Obwohl er 1943 in New York verstarb, wirkt sein Erbe in unzähligen Disziplinen fort. Die moderne Kognitionswissenschaft wäre ohne seine Vorarbeit undenkbar. In der Gestalttherapie (begründet von Fritz Perls, der viele Ideen Wertheimers übernahm) geht es darum, dass der Patient seine zerstückelte Lebensgeschichte wieder zu einer sinnvollen, handlungsfähigen „Gestalt“ zusammenfügt. Sogar in der Entwicklung von Künstlicher Intelligenz und Computer Vision greifen Programmierer heute auf Wertheimers Gesetze zurück, um Maschinen beizubringen, Objekte in Bildern als zusammenhängende Einheiten zu erkennen.


Warum Wertheimer heute noch wichtig ist


In einer Zeit, in der wir dazu neigen, alles in immer kleinere Datenpunkte zu zerlegen – Stichwort Big Data und algorithmische Analyse –, erinnert uns Max Wertheimer an die Bedeutung des Kontextes. Er lehrte uns, dass Information ohne Struktur wertlos ist. Er war ein Optimist des Geistes, der fest daran glaubte, dass der Mensch von Natur aus nach Wahrheit, Klarheit und Sinn strebt.
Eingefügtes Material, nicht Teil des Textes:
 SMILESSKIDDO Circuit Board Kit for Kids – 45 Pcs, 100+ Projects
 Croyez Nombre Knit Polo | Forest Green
Wenn wir heute von „Ganzheitlichkeit“ sprechen, sei es in der Medizin, der Ökologie oder der Psychologie, dann schwingt darin immer ein Stück von Wertheimers Geist mit. Er hat uns die Augen dafür geöffnet, dass wir nicht nur passive Empfänger von Lichtwellen und Schallwellen sind. Wir sind die Schöpfer unserer Wahrnehmungswelt. Wir sehen nicht das, was da ist – wir sehen das, was wir daraus machen.